The most important aspect of these Interpretations is the removal of the distinction between the different types of arbitrations in the judicial review process. Previously, only foreign-related or foreign awards were subject to this review system ie where the Intermediate People’s Court refuses to enforce or annul an award then it must obtain approval from the High People’s Court (who have jurisdiction to hear cases submitted by the Intermediate People’s Court). If the High People’s Court concurs with the determination of the Intermediate People’s Court, the award must be further reported to the SPC. With the Interpretations coming into force, regardless of the arbitration type, be it domestic, foreign-related or foreign arbitration, no annulment or refusal to enforce an arbitral award can take effect in China without the decision having been judicially reviewed by a higher court.
Perhaps recognising the potential backlog of cases and the burden that this newly established process will create, the Interpretations provide that in relation to domestic arbitrations, a review up to the level of the High People’s Courts (as opposed to the SPC) is sufficient except in two circumstances:
- if the parties in dispute are from different provinces of China;
- if grounds for the annulment or refusal of enforcement is due to the award being contrary to public policy.
Where arbitrations fall into one of the two exceptions above, then the SPC continues to be competent to finally determine the matter.
Despite the best intentions of the SPC to bring consistency to the judicial review of arbitral awards in China, the delay with the previous review system has already been subject to well-publicised criticism. It remains to be seen how much impact the Interpretations and the additional caseload will have on the efficiency of the judicial review process.

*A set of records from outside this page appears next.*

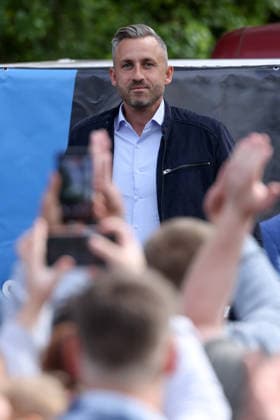 Familienfest der AfD in Merseburg. Landtagswahlkampf in Sachsen-Anhalt der AfD mit dem Spitzenkandidat Ulrich Siegmund. Im Bild Ulrich Siegmund (AfD). Landtagswahlkampf, AfD Familienfest am 22.08.2026 in Merseburg Deutschland. NUTZUNG NUR REDAKTIONELL *** AfD Family Festival in Merseburg; AfD’s State Legislative Election Campaign in Saxony-Anhalt with lead candidate Ulrich Siegmund. Pictured: Ulrich Siegmund; AfD State Legislative Election Campaign; AfD Family Festival on August 22, 2026, in Merseburg, Germany. FOR EDITORIAL USE ONLY
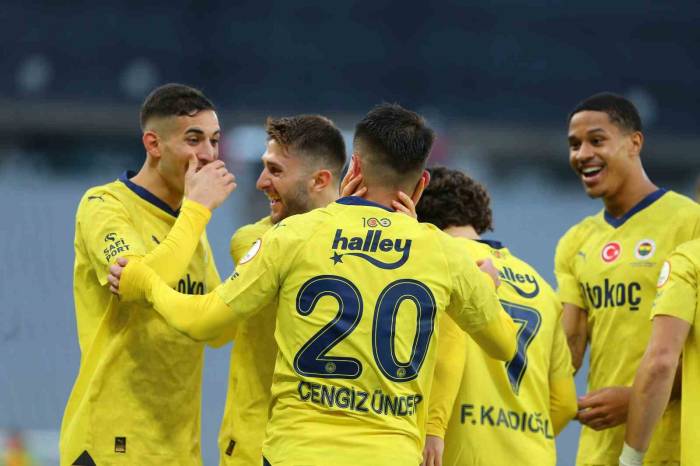 Trendyol Süper Lig: İstanbulspor: 1 - Fenerbahçe: 5 (Maç Sonucu)
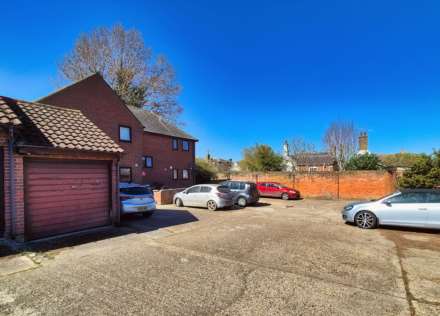 Hilton Close, Manningtree, Image 9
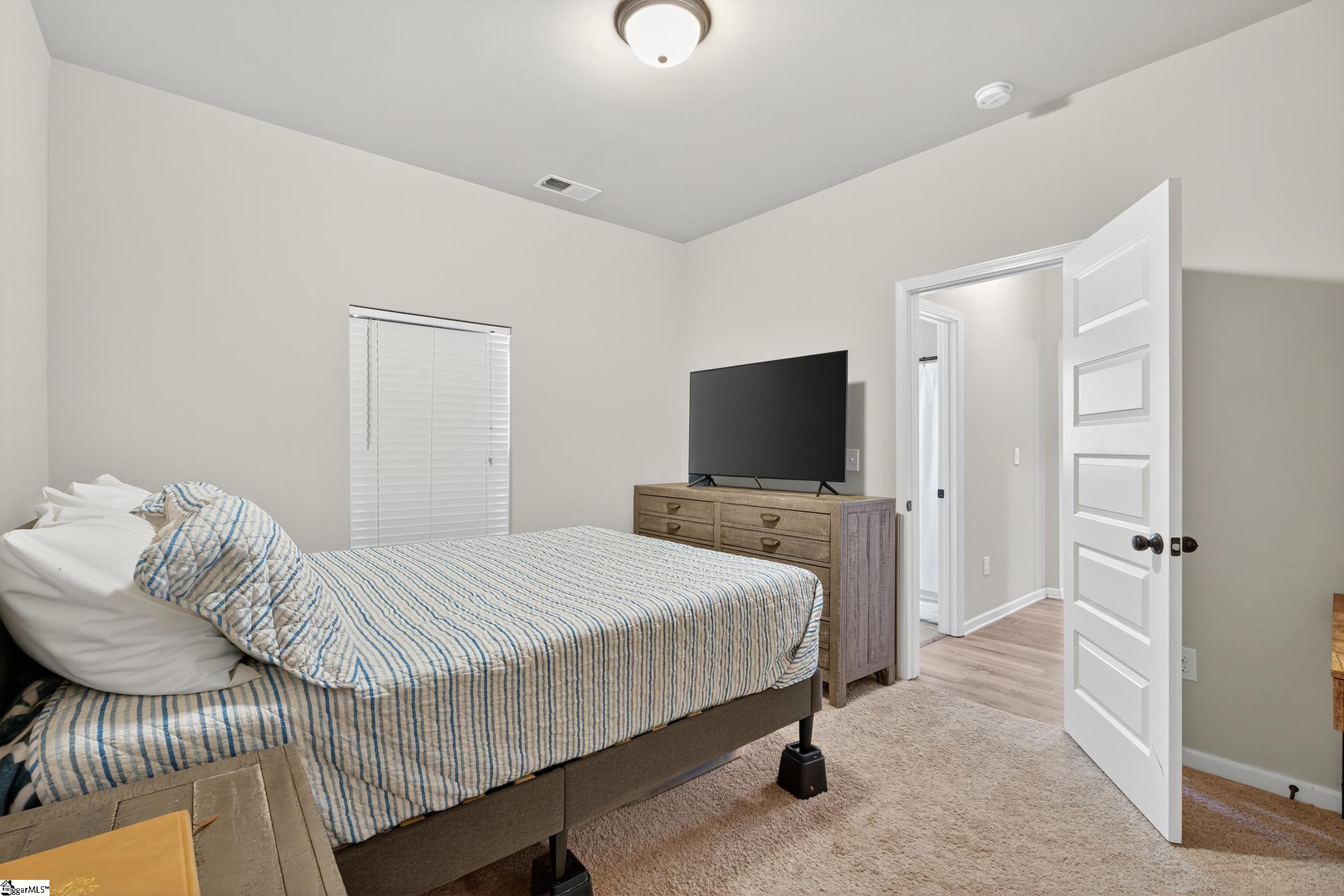 207 E Deer Drive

The other significant clarification provided by the Interpretations is the level of ‘party’ involvement in the judicial review process. Previously, the review process was criticised as lacking transparency and at risk that the lower courts will shift the burden of review responsibility to the higher courts. The Interpretations now expressly provide that if the higher courts, in the process of review, are unclear as to certain facts related to the case then they have the ability to clarify such matters with the parties or refer the case back to the lower courts to clarify the facts before it is once again reviewed by the higher courts.
The Interpretations also set out what supporting documentation should accompany an application for judicial review. What is interesting is that the Interpretations appear to indicate that the arbitral award to accompany any application for annulment, recognition and enforcement of the same need not be ‘legalised’ (i.e. need not comply with a specific document authentication process). What is required is merely the submission of the original award, or a certified copy, along with the application. The award is to be accompanied by a Chinese translation where it is written in a foreign language. The Interpretations, therefore, seem to replace the current practice where arbitral awards, in addition to requiring to be notarised and certified by the foreign ministry of the originating country, also needed to be ‘legalised’ by the relevant Chinese embassy as the receiving country before any official use in China .
Finally, the Interpretations give guidance as to the applicable law of the arbitral agreement. This was an area fraught with difficulties under the previous system, due to different courts adopting different positions when it came to interpreting the applicable law. The Interpretations now clarify that the law governing the underlying contract will not necessarily be the applicable law. Parties must expressly state the applicable law that governs a foreign-related arbitration agreement. Where the parties are silent on the applicable law, then the law of the seat of arbitration must be adopted. If there are different interpretations as to the law at the place where the arbitration institution is located and the law at the seat of arbitration then the courts shall apply the law that is most likely to result in a valid arbitration agreement.
Any decisions of the courts in the judicial review process shall take force immediately and those decisions are not subject to review, appeal or application for a retrial unless provided otherwise by the law and judicial interpretations.
It remains to be seen whether the Interpretations will achieve the goal of promoting the healthy growth of arbitration and of alternative dispute resolution in China. However, the Interpretations have been received with cautious optimism generally and are welcomed as a positive step forward.
 China is not a signatory to The Hague Convention Abolishing the Requirement of Legalisation for Foreign Public Documents so any foreign documents meant for official use in China need to go through a legalisation (authentication) process.